Chris Hedges: Avi Shlaim, ehemaliger Oxford-Professor für internationale Beziehungen und einer der bedeutendsten Historiker des Nahen Ostens, wurde 1950 im Alter von fünf Jahren gezwungen, den Irak zu verlassen, wo seine Familie seit Generationen verwurzelt war. Sie flohen in den neuen Staat Israel. Die einst blühende jüdische Gemeinde in Bagdad, zu der er und seine Familie gehörten, zählte vor der Gründung des zionistischen Staates etwa 130.000 Menschen. Heute ist sie so gut wie verschwunden. In seinem Buch Three Worlds: Memoirs of an Arab-Jew beschwört er diese verlorene Welt herauf, eine Welt, die hochgebildet, kultiviert und mehrsprachig war und in Harmonie mit Sunniten, Schiiten und Christen in der neu gegründeten Nation Irak lebte, nachdem das Osmanische Reich nach dem Ersten Weltkrieg aufgeteilt worden war. Seine Erzählung steht im Widerspruch zur offiziellen zionistischen Darstellung, der zufolge der Antisemitismus fest im Islam verankert ist und die Juden in der arabischen Welt vor der Gründung des Staates Israel im Jahr 1948 eine verfolgte Minderheit waren, die gerettet und in den neuen jüdischen Staat gebracht werden musste. „Die Jahre 1950-51 bedeuteten für die irakischen Juden eine Katastrophe“, schreibt Professor Shlaim. „Innerhalb von etwas mehr als einem Jahr verließ fast die gesamte Gemeinschaft ihre alte Heimat. Meine Familie war unter ihnen. Unser komfortabler Lebensstil brach mit einer Veränderung zusammen, die ich als Kind nicht einmal ansatzweise begreifen konnte. Seitdem versuche ich zu begreifen, was passiert ist und warum. Dieser Exodus, schreibt er, wurde nach fünf Bombenanschlägen auf jüdische Ziele in Bagdad zwischen 1950 und 1951 zur Routine. Wer diese Terroranschläge verübt hat, bei denen Juden verletzt und getötet wurden, ist seit 75 Jahren umstritten, wobei zwei offizielle israelische Untersuchungskommissionen eingesetzt wurden. Die Recherchen von Professor Shlaim, die sich auf Interviews mit den Beteiligten und israelische Dokumente stützen, kommen zu dem Schluss, dass „drei der fünf Bombenanschläge das Werk des zionistischen Untergrunds waren“, Teil eines Versuchs, Juden durch Angst zur Ausreise nach Israel zu bewegen. In Israel angekommen, wurden Professor Shlaim und seine Familie von den europäischen Juden, die das politische und kulturelle Leben Israels dominierten, diskriminiert, weil sie arabischer Abstammung waren.

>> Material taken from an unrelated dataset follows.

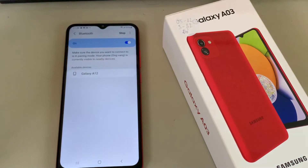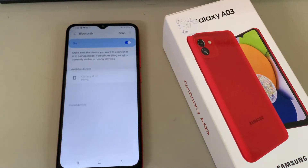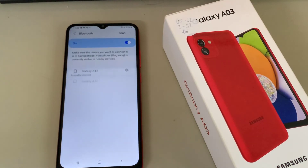Then click on the device that you want to connect to. Now select OK and wait for the other device to accept your connection request. As you can see, my device was successfully connected. If you wish to forget this connection, tap on the settings icon and select Unpair at the bottom right corner.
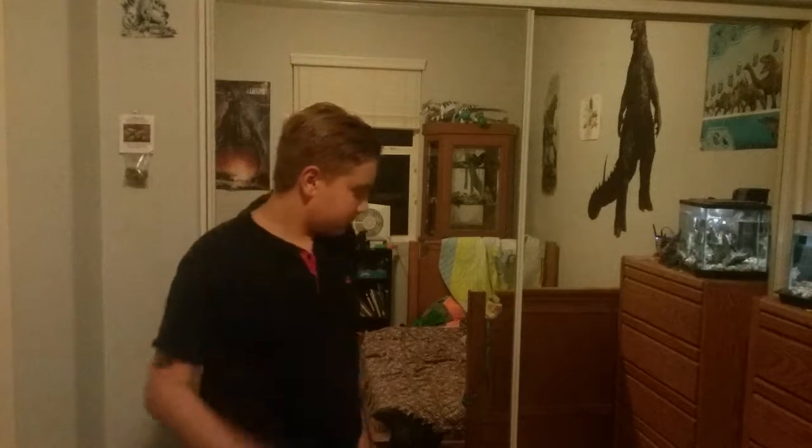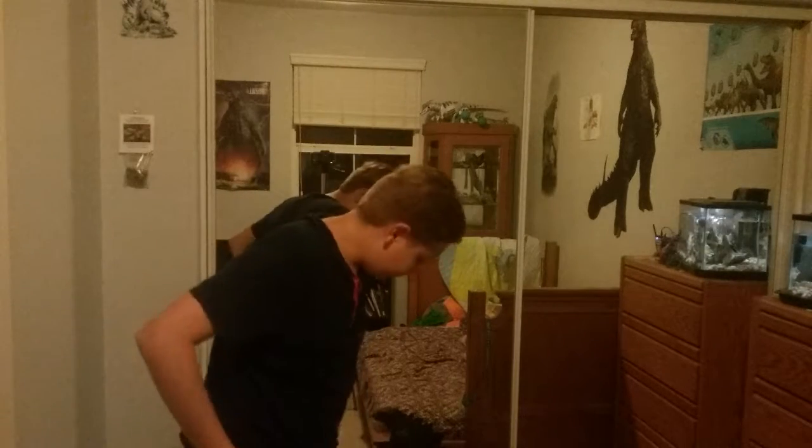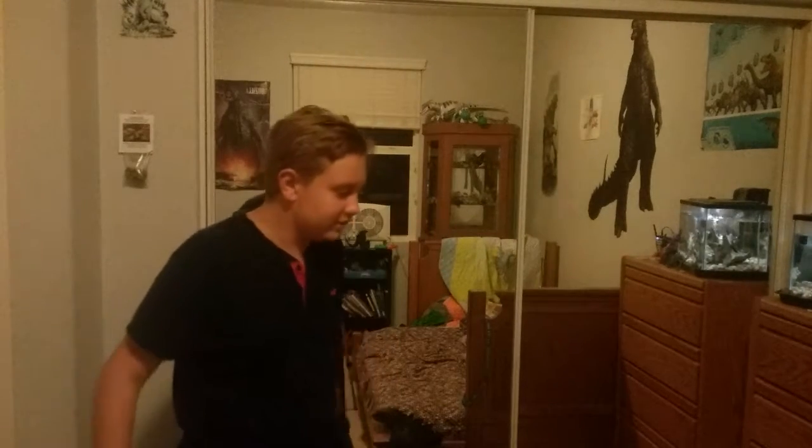Okay, so, in case you haven't noticed, if you hear the music or something, that's because I'm watching the Godzilla '98 movie. Yeah.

Er schreibt: „Indem ich mich mit der Geschichte meiner Familie im Irak beschäftigte, gewann ich ein besseres Verständnis für das Wesen und die globalen Auswirkungen des Zionismus… Der Zionismus war eine Siedler-Kolonialbewegung… Rückblickend scheint es mir völlig unbestreitbar, dass die Gründung Israels eine monumentale Ungerechtigkeit gegenüber den Palästinensern bedeutete. Eine dreiviertel Million Palästinenser, mehr als die Hälfte der Gesamtbevölkerung, wurden zu Flüchtlingen…

„Die Geschichte meiner Familie hat mir jedoch vor Augen geführt, dass es eine weitere Kategorie von Opfern des zionistischen Projekts gab: die Juden in den arabischen Ländern. Außerdem gab es eine Verbindung zwischen der Art und Weise, wie die zionistische Bewegung die palästinensischen Araber behandelte, und ihrer Behandlung der arabischen Juden. Beide Gruppen waren Mittel zum Zweck: die Errichtung eines exklusiven jüdischen Nationalstaates im Herzen des Nahen Ostens… Die gleichen kolonialen Institutionen, die die Palästinenser vertrieben, hatten die Aufgabe, die jüdischen Einwanderer aus den arabischen Ländern zu absorbieren. Und dieselbe arrogante, eurozentrische, orientalistische Denkweise begrüßte die jüdischen Neuankömmlinge aus dem Osten.“ Professor Avi Shlaim spricht mit mir über sein Buch Three Worlds: Memoirs of an Arab-Jews.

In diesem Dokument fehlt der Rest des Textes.